Team Building · Mon Jun 19, 23:09 by Eleri Straker
When I taught students with special needs I specialised in the older kids – the sixteen-year-olds that were disaffected and bored. I taught classes that were called “communication skills”. My lovely head of department (to whom I’ve dedicated an earlier blog) decided that, rather than tell me what to do, she’d let me do my own ‘thing’. This suited me down to the ground, as I reckoned that anything that enabled my ‘problem’ kids to communicate was valid.
One of the things I started to do with the older ones, just before they were due to leave, was teach lateral thinking. What this entailed was a series of lessons beginning with handing out: one Lego brick, one paper clip and one CD. The class was then asked to come up with a list of things they could do with each item. After the initial “You what?” reaction, they got into the spirit of the thing and began to think.
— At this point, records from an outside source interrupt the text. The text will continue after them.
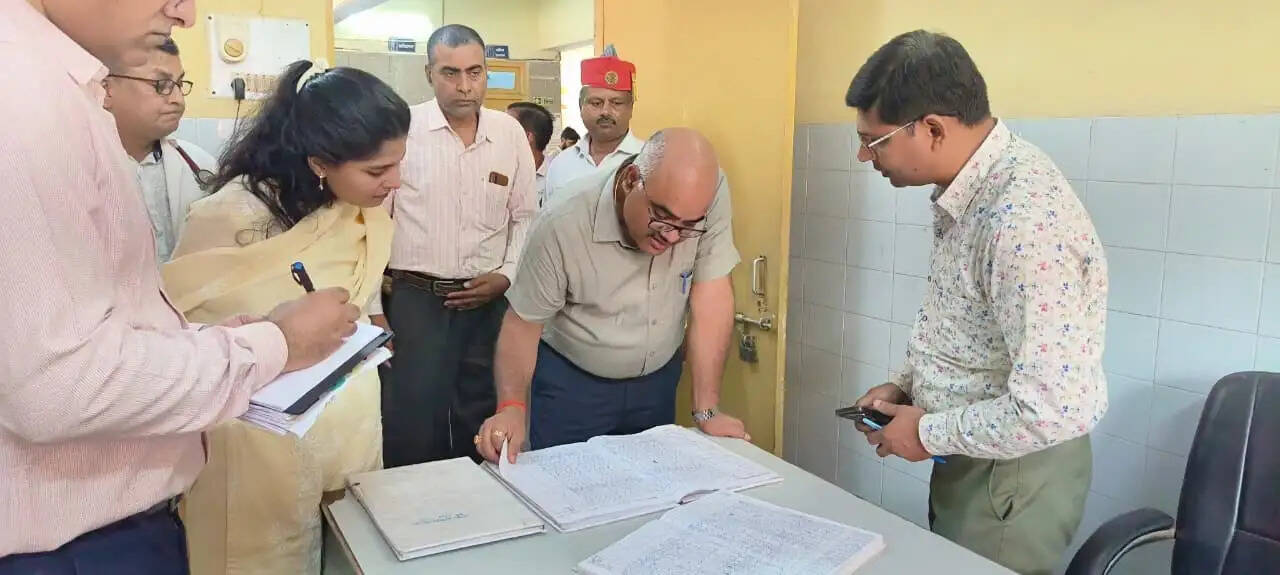 घाटमपुर सीएचसी में स्वास्थ्य सेवाओं का जिलाधिकारी ने लिया जायजा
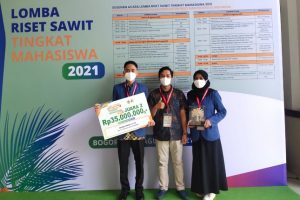 085-Tim ITS juara 2 di Lomba Riset Sawit 2021 Ciptakan Alternatif Material Baterai, Mahasiswa ITS Juarai Riset Sawit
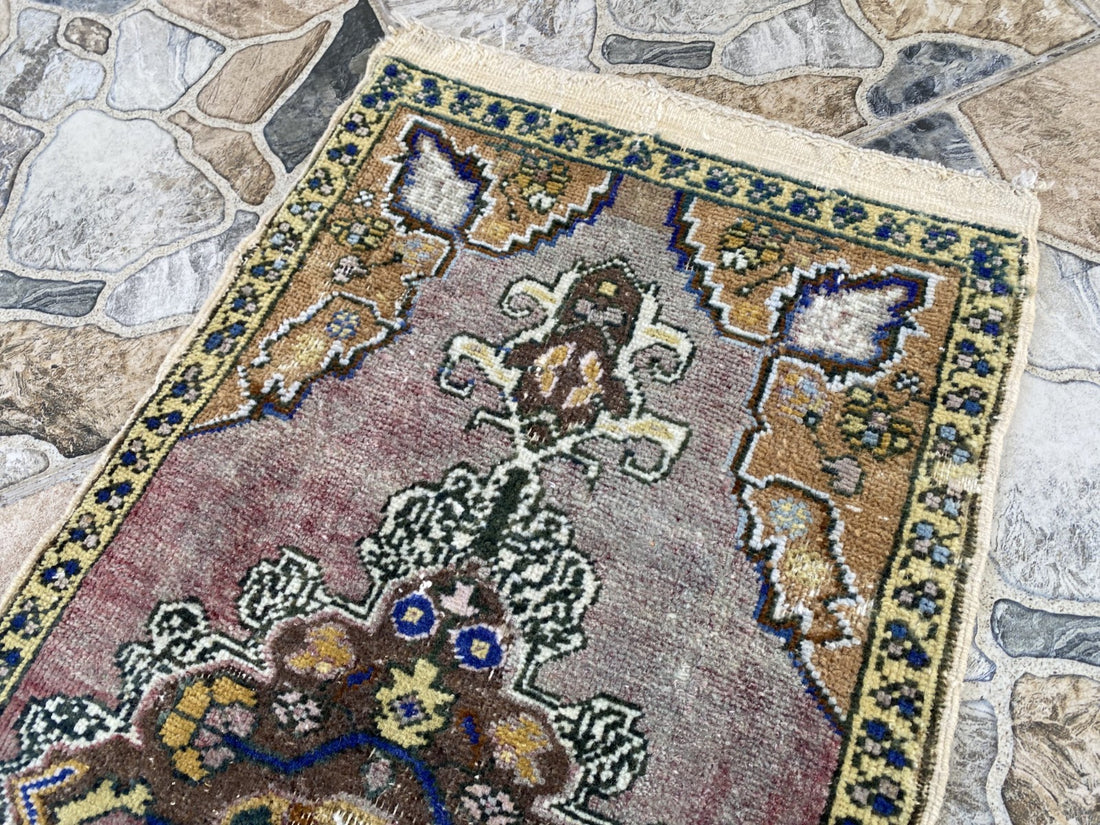 Geometric Turkish Vintage Rug Small Farmhouse Anatolian Tribal Village Rug 1.6x3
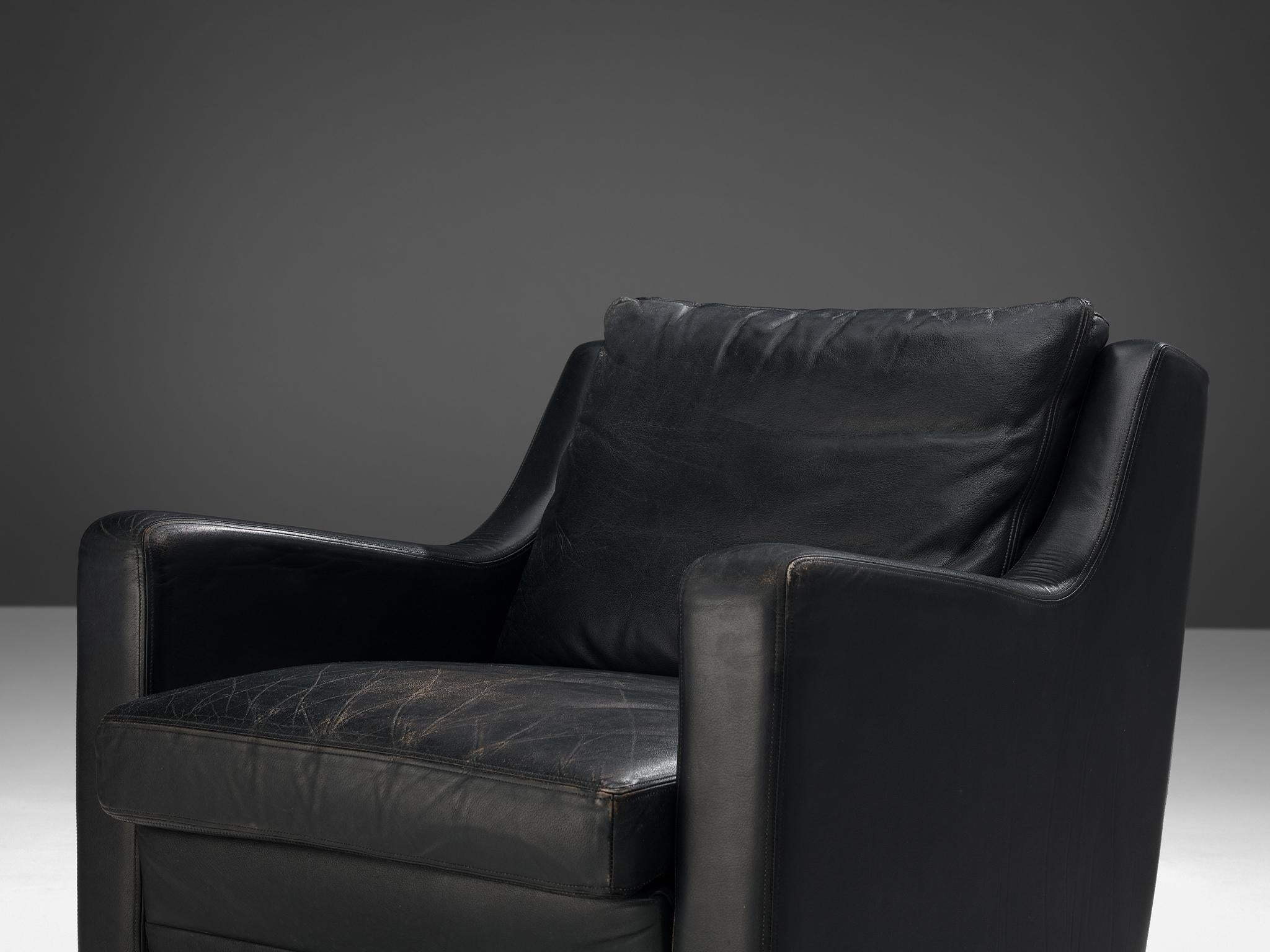 Streamlined Modern Lounge Chair in Black Leather For Sale 1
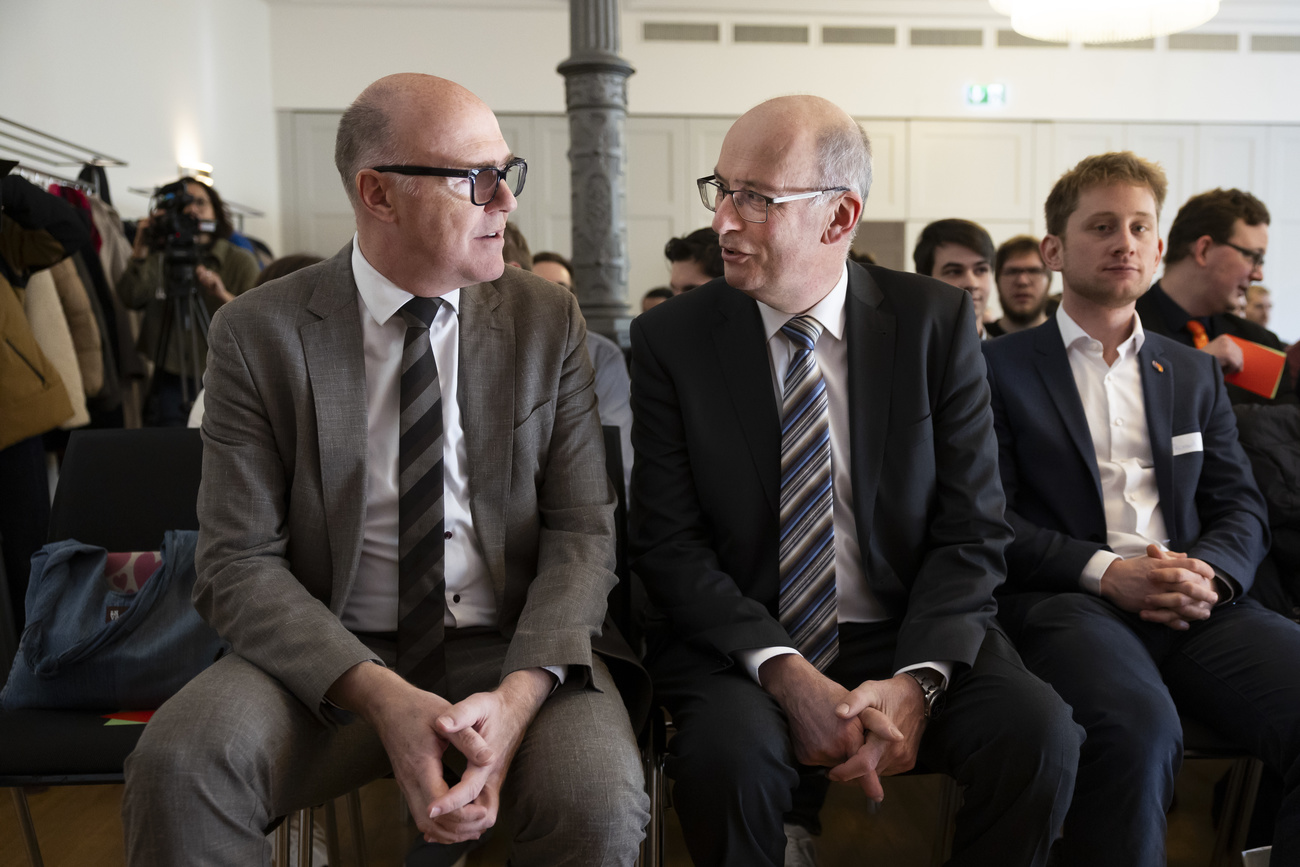 Les deux candidats au Conseil fédéral, Martin Pfister (à gauche sur la photo) et Markus Ritter, se présentent au Parlement.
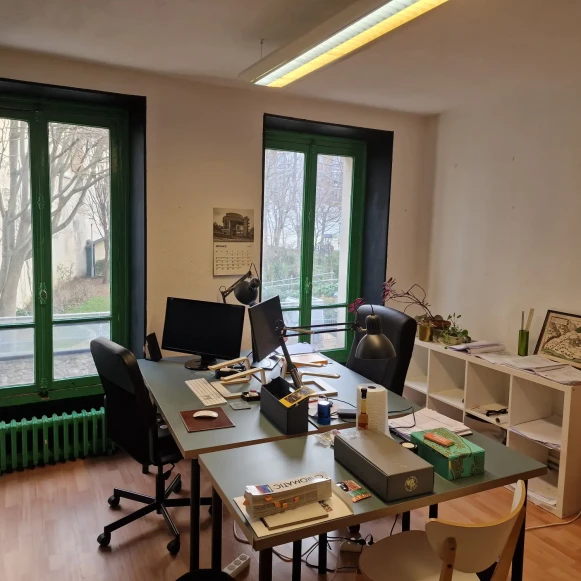 Bureau privé 32 m² 7 postes Location bureau Rue Juliette Dodu Paris 75010 - photo 1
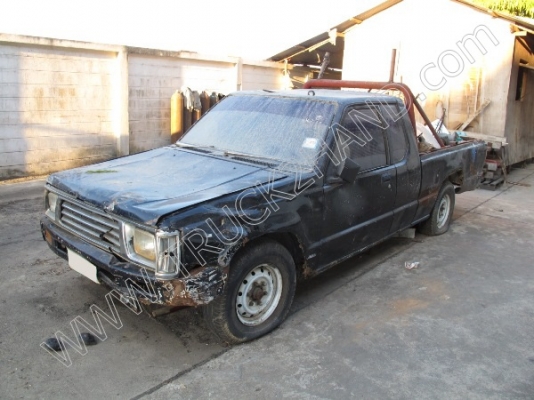 ขายยกชุด3 คันรถบรรทุก 6 ล้อ ยี่ห้อ ISUZU รุ่นNPR 115 แรงม้า (2คัน) รถกระบะ ยี่ห้อ MITSUBISHI รุ่นSTRADA(1คัน)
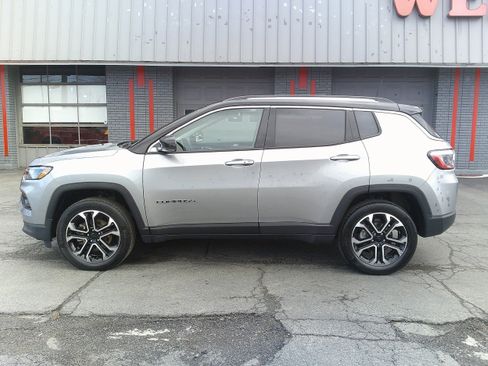 Used 2022 Jeep Compass Limited image 2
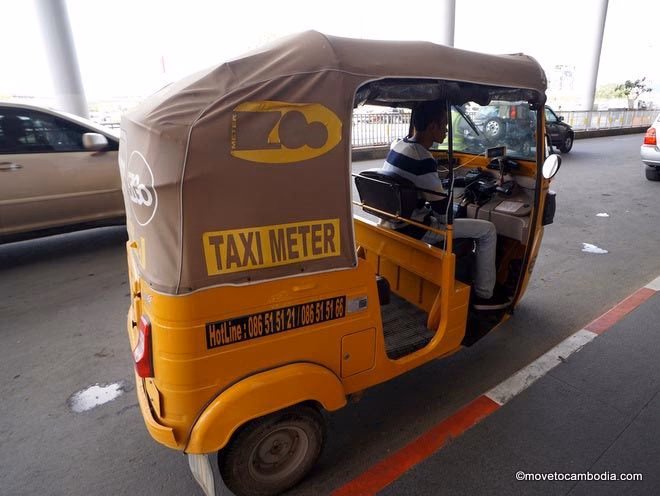 How do I complain about a taxi service in Phnom Penh?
The obvious uses came first and the inevitable moans of, “You play the CD. That’s it.” They would be told that that idea was boring and to come up with something else. If that didn’t work, I’d pick up the CD and throw it, Frisbee style, across the classroom, and the penny would drop and the ideas would come: “Game. Mirror for make-up. Signalling device if you’re stranded on a desert island (though I don’t know why you’d have a CD on a desert island!) Etc. The ideas got more and more bizarre. But that’s the point of the exercise: to make the students think beyond the obvious – to climb up the walls of their boxes and look over the top.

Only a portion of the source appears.